Knowing what course you're going on might be helpful so you can find other people.


----------



## Msidd (16 Jun 2014)

Its a Dp1 infantry running at meaford July1st... dont know the exact course code.

Im mainly looking for tips/tricks on what to bring etc...


----------



## aquaholic75 (16 Jun 2014)

I should be there for basic in July as well.


----------



## AgentSmith (17 Jun 2014)

Mase said:
			
		

> Its a Dp1 infantry running at meaford July1st... dont know the exact course code.
> 
> Im mainly looking for tips/tricks on what to bring etc...



Tips: listen to your course staff and do exactly as they say. Help your friends out.

What to bring: whatever is on the kit list.


----------



## Military Mom 2013 (21 Jun 2014)

DP1.1 and DP1.2 are both running simultaneously starting July 1st


----------



## Msidd (22 Jun 2014)

Military Mom 2013 said:
			
		

> DP1.1 and DP1.2 are both running simultaneously starting July 1st



Not simultaneously but consecutively  ;D
(unless you know of a diff 1.2 starting on jul1 that i dont know about)


----------



## Msidd (22 Jun 2014)

aquaholic75 said:
			
		

> I should be there for basic in July as well.

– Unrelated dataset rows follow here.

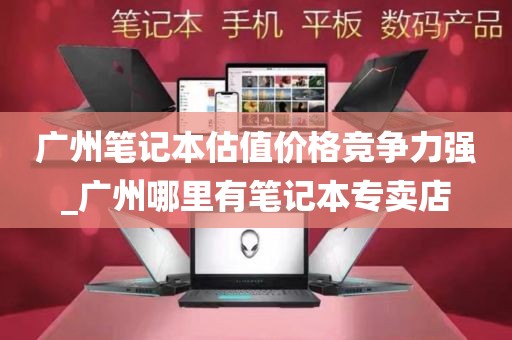 广州笔记本估值价格竞争力强_广州哪里有笔记本专卖店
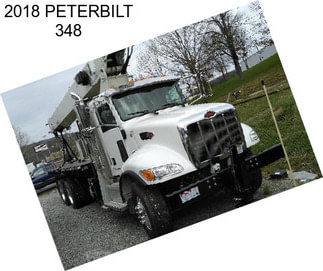 2018 PETERBILT 348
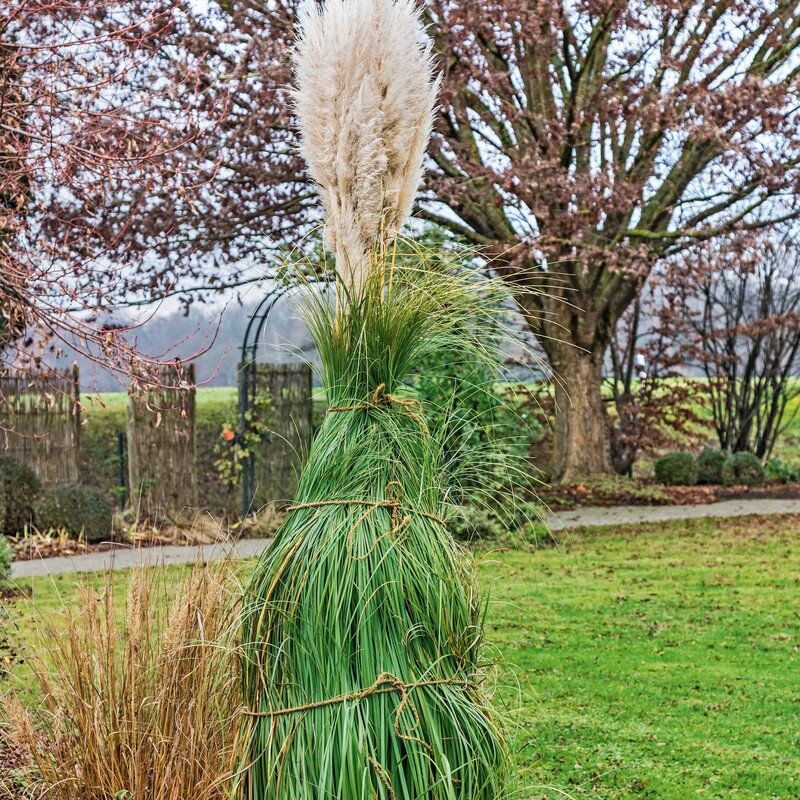 Pampasgras hochbinden Schritt4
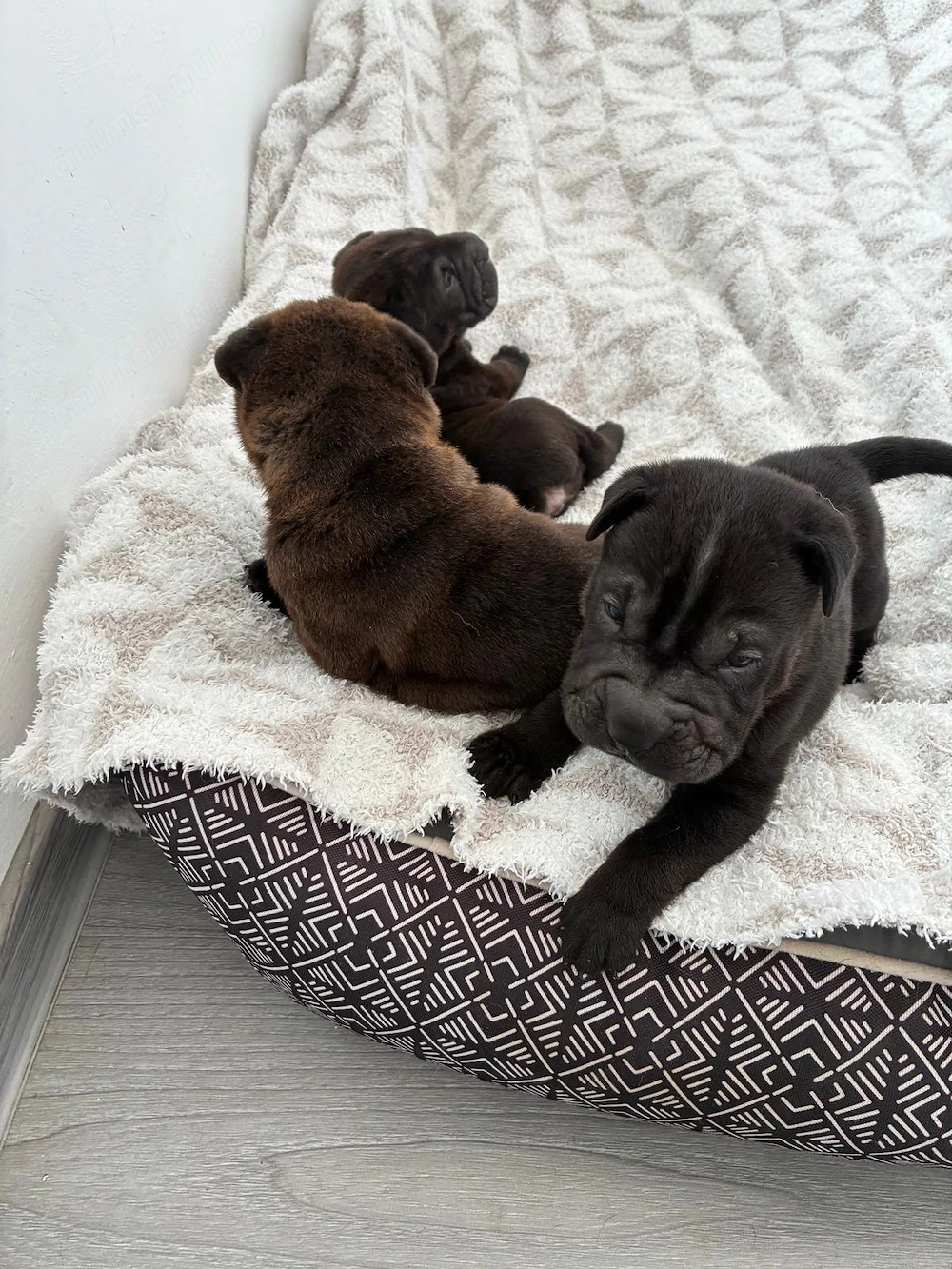 Cățeluși  pui shar pei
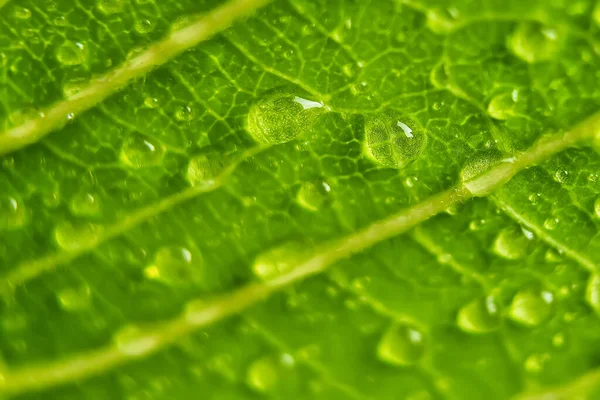 Makro Detailní Záběr Krásné Čerstvé Zelené Listy Kapkou Vody Ranním — Stock fotografie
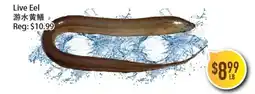 Full Fresh Supermarket Live Eel offer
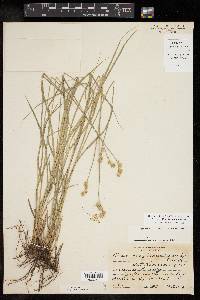 Carex reniformis image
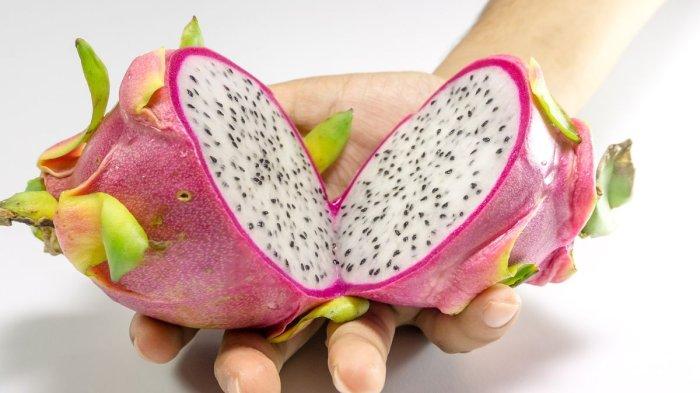 Ilustrasi buah naga, berikut manfaat mengonsumsi buah naga untuk ibu menyusui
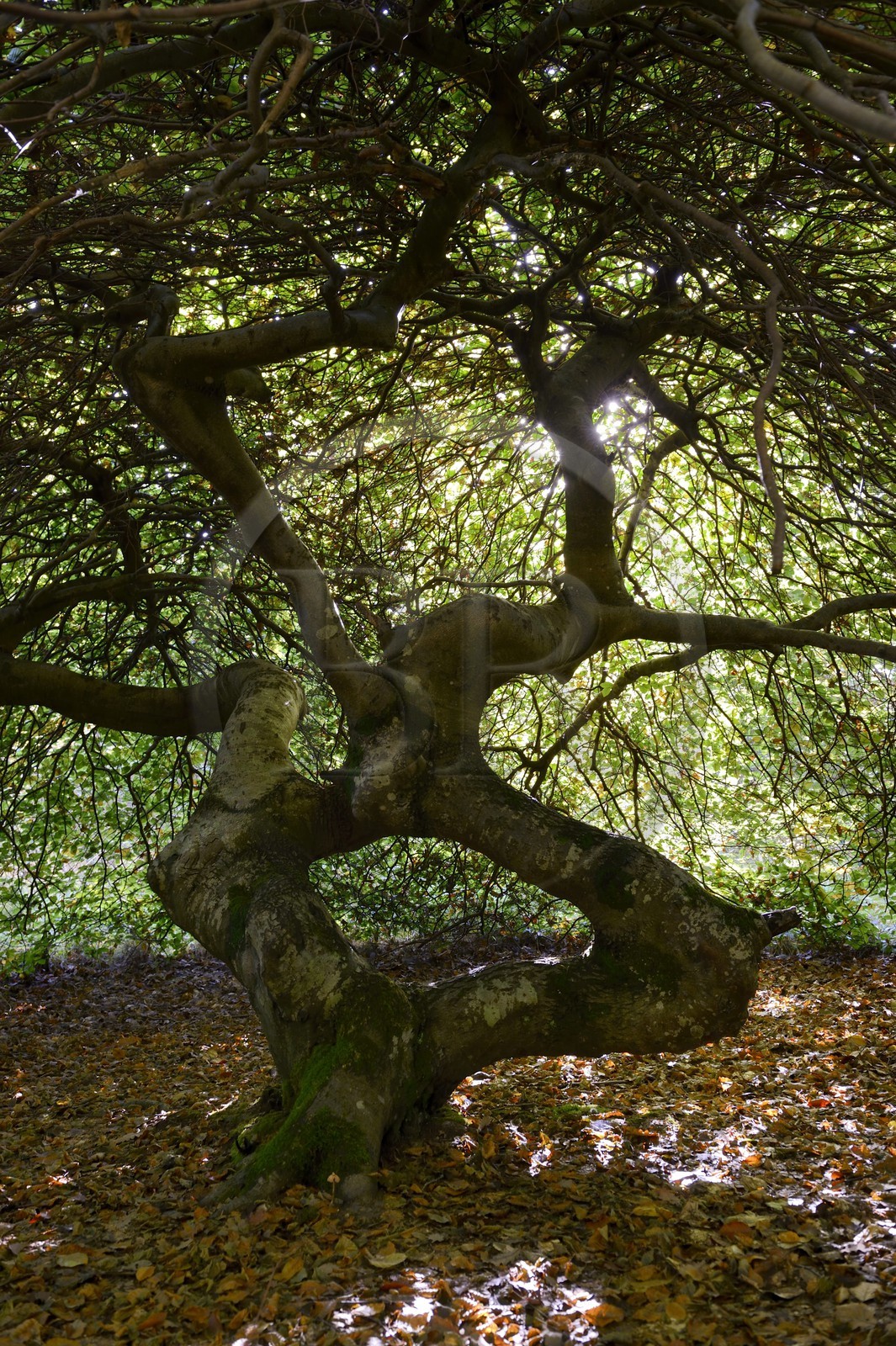 France, Marne (51), Parc Naturel Regional de la Montagne de Reims, Verzy, les Faux-de-Verzy, hêtres tortueux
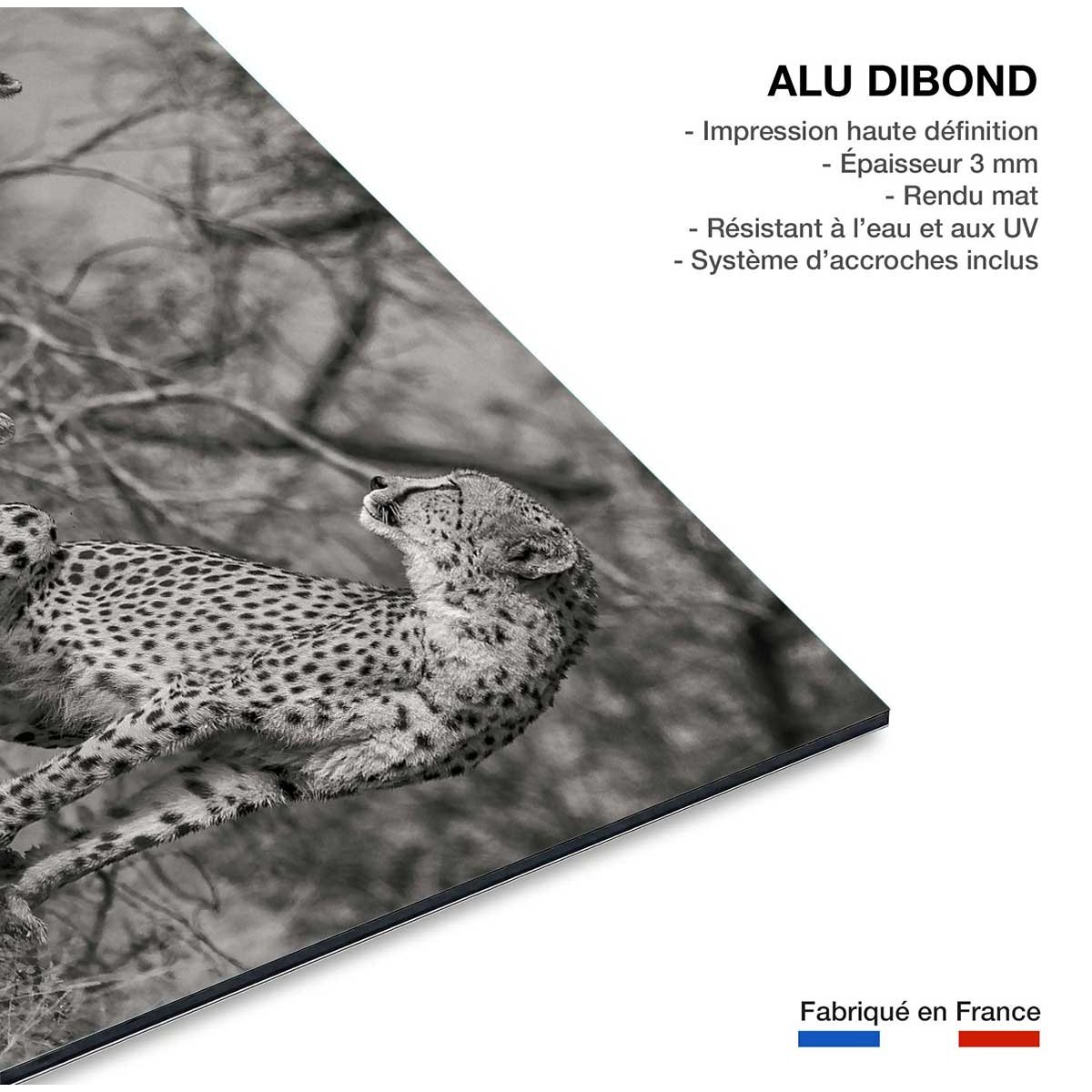 Tableau animaux 3 petits chats tableau alu dibond, HEXOA
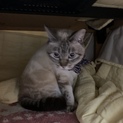 目が青い縞模様の入ったねこちゃん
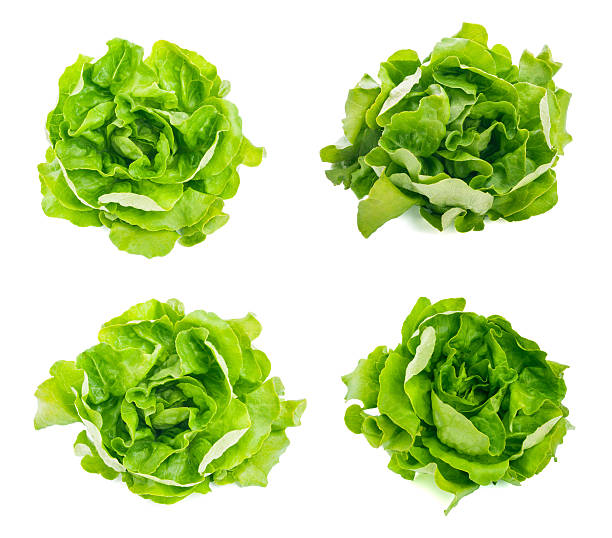 istock Collection Fresh lettuce salad isolated on white background 529385579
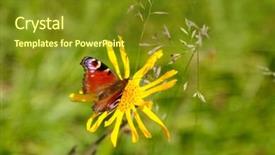  Presentation with peacock - Audience pleasing presentation theme consisting of closeup-of-the-european-peacock backdrop and a tawny brown colored foreground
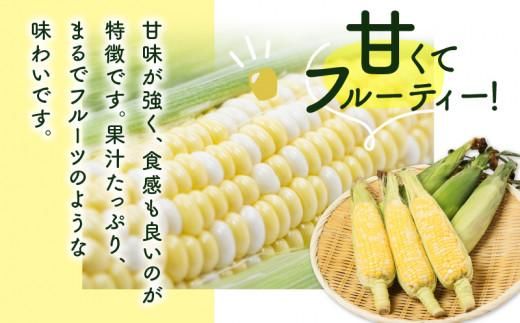＼寄附額改定／食べ応え抜群 太物2Lサイズ以上!ドルチェドリーム 約3.5kg【2027-6月上旬～2027-7月上旬配送】 372013_T006-305J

BFT would SUCK in warm weather


----------



## Military Mom 2013 (22 Jun 2014)

Yup - DP1.2 also starts July 1st.  My kid's going!


----------



## George Wallace (22 Jun 2014)

Mase said:
			
		

> BFT would SUCK in warm weather



Got a NEWS FLASH for you.  The BFT can SUCK in any weather.  How about in the Cold, where you have overdressed with a Parka and are walking on icy roads?   >


----------



## Smirnoff123 (22 Jun 2014)

Dont worry Mase, youre going to get to experience the hot weather rucks on dp1 infantry too.


----------



## Msidd (22 Jun 2014)

Other than the given kit list, im thinking more about things to make our lives easier/ save time (i.e bore snake). 
Alot of guys are bringing stuff like laundry detergent and swiffer mops... is this a good idea? 
Any other item that can be usefull on the course?


----------



## Flavus101 (22 Jun 2014)

Mase said:
			
		

> Other than the given kit list, im thinking more about things to make our lives easier/ save time (i.e bore snake).
> Alot of guys are bringing stuff like laundry detergent and swiffer mops... is this a good idea?
> Any other item that can be usefull on the course?



I was told to bring a camel back, not on the list but probably something worth while having.


----------